Celebs, clothing lines lose the labels
Rock isn’t the only one bending gender rules; celebrities like Kanye and David Beckham have been spotted donning skirts, while fashion brands worldwide are acknowledging gender inclusivity. More and more companies are creating collections that can be worn by both men and women.
Zara, a Spanish brand that Rock wears, introduced its “Ungendered” clothing line, featuring labels whose collections include guy-girl-shareable attire. Large corporate retailers, like Target, allow online shoppers to search for clothing with a “gender neutral” filter option.
While androgyny isn’t new to the fashion world and has cycled in and out of the scene for decades, many—like Hawaii fashion entrepreneur Amy Luu—say today’s genderless trend has some staying power.
“It isn’t necessarily the term that has evolved over time (but rather), it is more the fact that people are being more vocal about (genderless clothing), and it’s great,” she said.
Luu owns Big Bad Wolf, a gender-neutral clothing store in Hawaii that supports losing the label.
“As a street-inspired store, we wanted to have a place where (people) can wear unisex clothes and be happy in them,” said Luu, who also wears men’s clothing.
Her shop, located at the South Shore Market in Kakaako, is decorated with an eclectic mural of urban artwork; it features everything from collectible toys to quirky coffee table books.
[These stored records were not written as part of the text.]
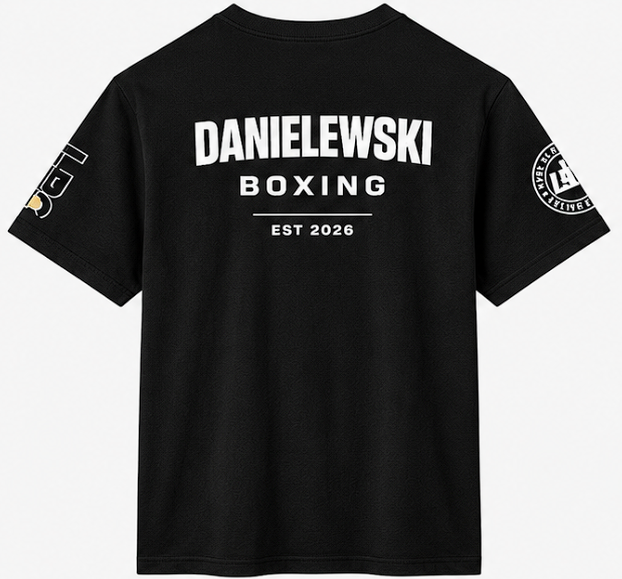 Black T-shirt with white text reading 'DANELEWSKI BOXING' and 'EST 2026', with additional logos on the sleeves.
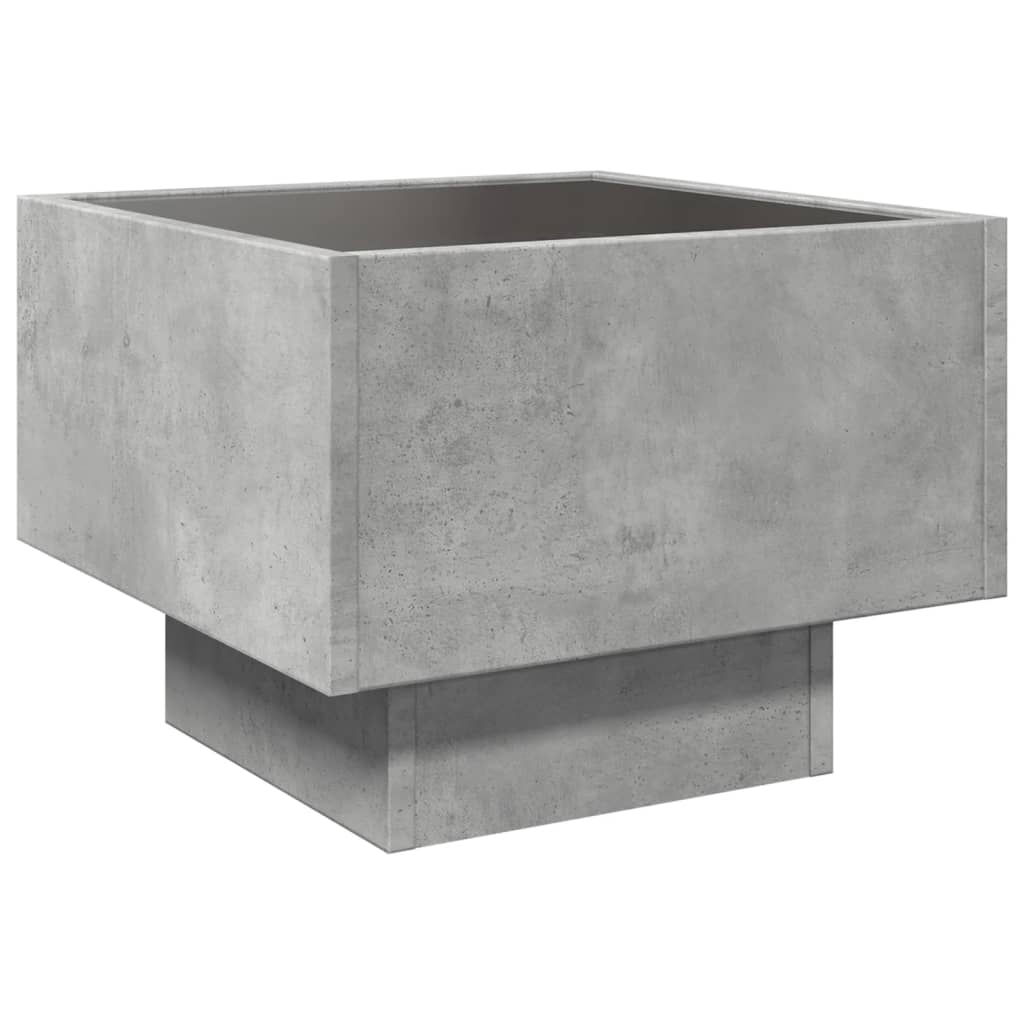 Table de chevet avec LED infini gris béton 40x40x30 cm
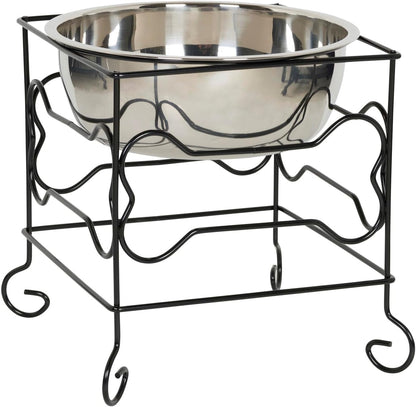 YML Wrought Iron Stand with Stainless Steel Dog Bowl, Large1
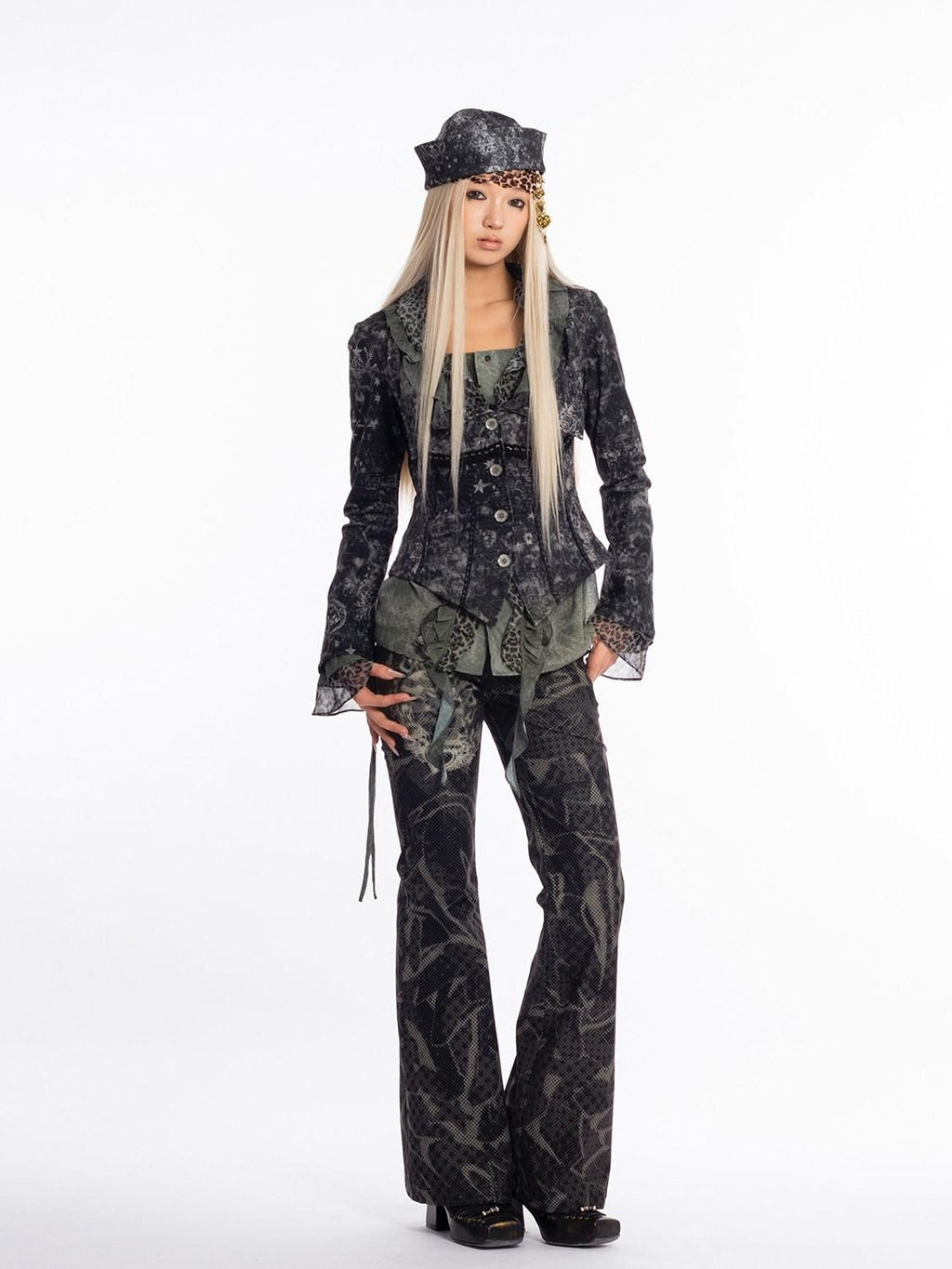 4RE1GN Vintage Mystic Pattern Print Lapel Cinched Waist Women's Casual Jackets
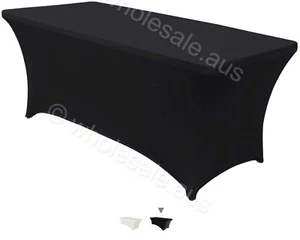 4ft 6ft 8ft Stretch Tablecloths Spandex Table Cover Wedding Banquet Cloth - Picture 1 of 11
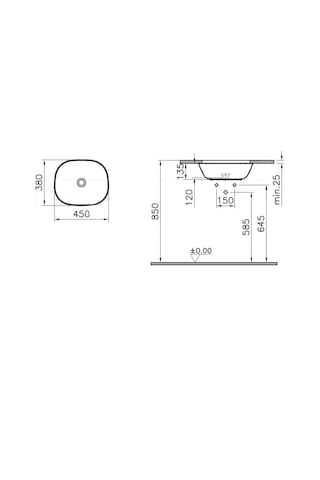 VitrA Plural 7812B403-1083 Tezgahaltı Üçgen Lavabo.47CM.Beyaz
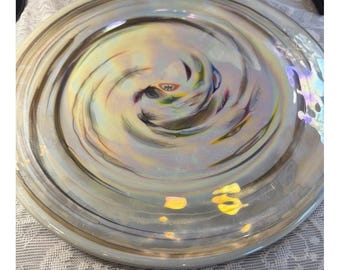 Vntg Mid Century Murano Art Glass Opalescent Collector 12.25" Millefiori Design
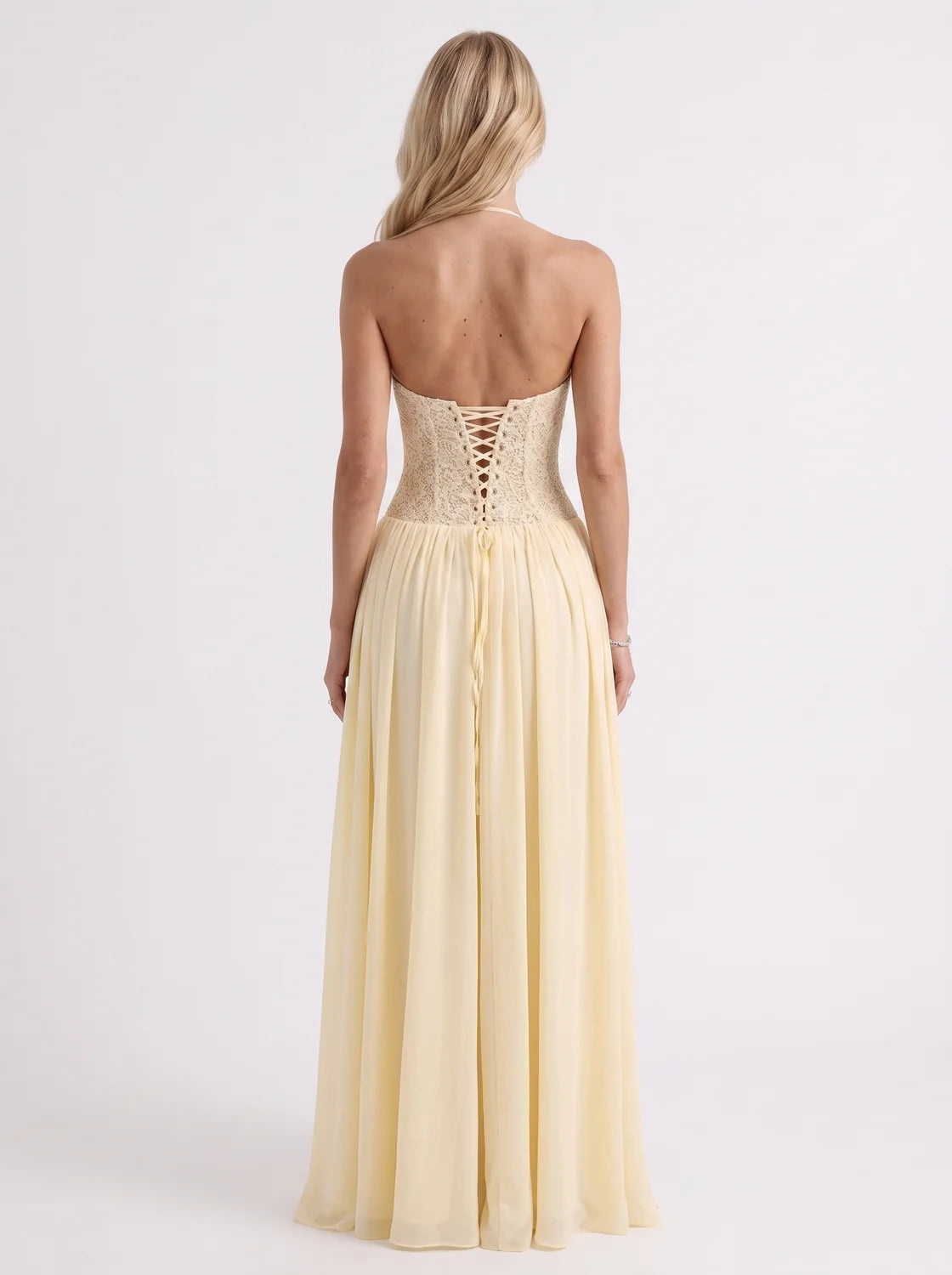 Isabella | Lace Maxi Dress with Corset Bodice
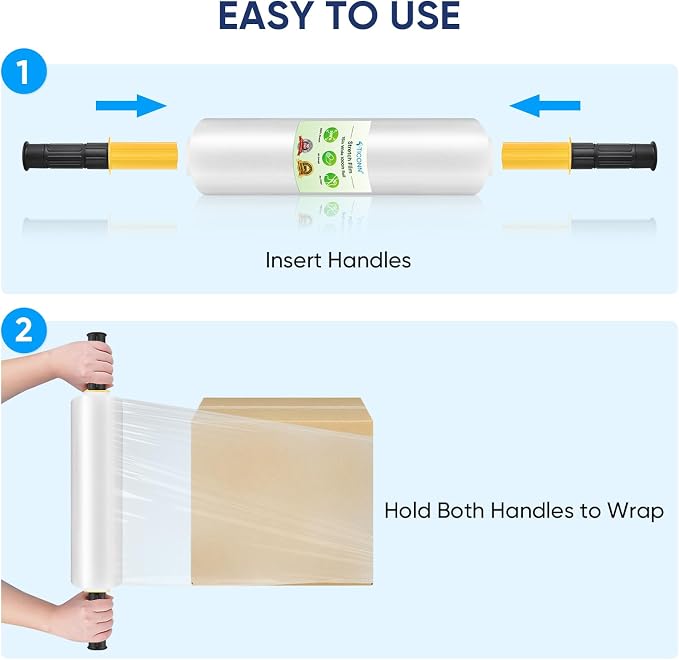 TICONN 4Pk Stretch Wrap Stretch Film Roll, 1000ft Industrial Strength 15 inch Wide Clear Plastic Wrap with Handles for Pallet Wrapping Shipping Moving - Image 6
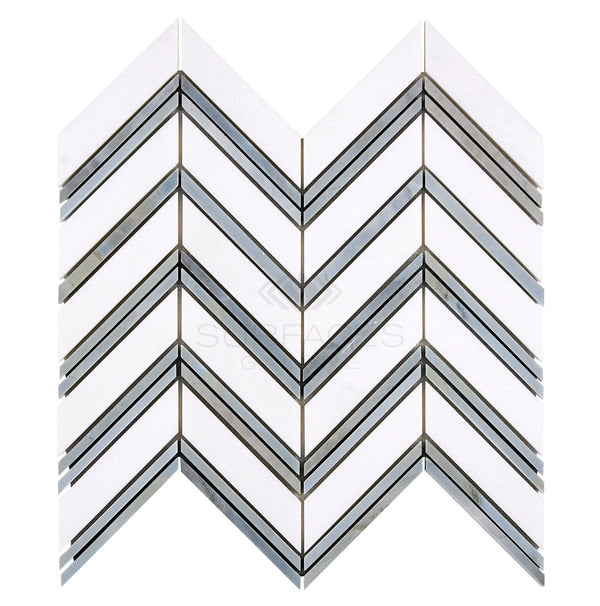 Thassos White (Greek) Large Chevron (w/ Blue-Gray) Mosaic Marble Polished-Honed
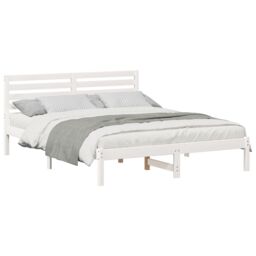 Berkfield Home with Headboard White 140 x 200 cm Solid pine wood - thumbnail 3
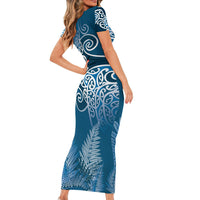 Aotearoa Maori Koru Curves Short Sleeve Bodycon Dress Silver Ferns - Navy Blue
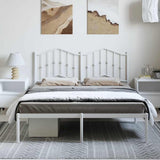 Metal Bed Frame without Mattress with Headboard White 150x200 cm - Side View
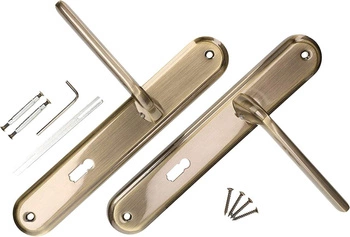 Dverová kľučka 72mm dlhý štít na kľúč sada - Farba patina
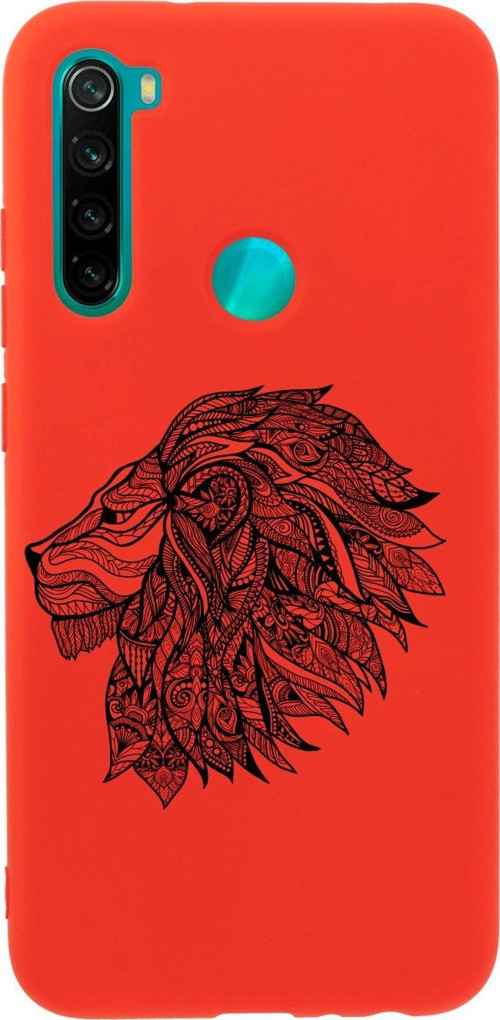 Xiaomi Redmi Note 8 Çizim Aslan Desenli Premium Silikonlu Lansman Kırmızı Telefon Kılıfı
But it’s the designs combining both gender styles that attract customers. Contemporary artists contribute to the collections, stocked with apparel of boyish graphic prints paired with feminine-colored t-shirts.
As a new mother, Luu initially launched Big Bad Wolf for children. However, it has since expanded to apparel for adults.
“We are for the forward parent, who is not bound by gender and for the adults that have a sense of humor, meaning they (do) not take life too seriously all the time,” she said.
Luu hopes to spread her message and retail line to others through a pop-up shop for POW! WOW! Hawaii, a week-long event featuring a global network of artists and their work. POW! WOW! takes place this month.
What youth are saying
Despite the more visible trend of genderless clothing, there are still others averse to the idea of blurring gender lines.
“Clothes are made specifically for (a gender) and should only be used by the person designers intended it for,” Honolulu high school sophomore Grace Kim said.
Kim says she would never wear clothes of the opposite gender. She prefers to shop at stores such as, Brandy Melville, which tailors specifically to a young, female demographic. Many would describe a “Brandy girl” as someone with long legs, long hair, wearing short shorts and over-sized sweaters.
Others who are Kim’s age, like high school junior Mahealani Sims-Tulba, support genderless clothing.
“People should be the only ones with gender, not clothes,” she said.
Sims-Tulba often dresses in clothing of the opposite gender for the Kawaii Kon, Hawaii’s largest Anime convention. She also wears men’s clothing on a daily basis.
The bottom line
Despite what others may say, both Rock and Luu agree that people should be able to wear whatever they want.
“You should just be comfortable and happy with what you’re wearing,” Rock said. “People (might) talk, but do what you wanna do.”
“It’s okay to make people uncomfortable,” Luu said. “(Gender-neutral) means making your own style and being creative with what is out there.”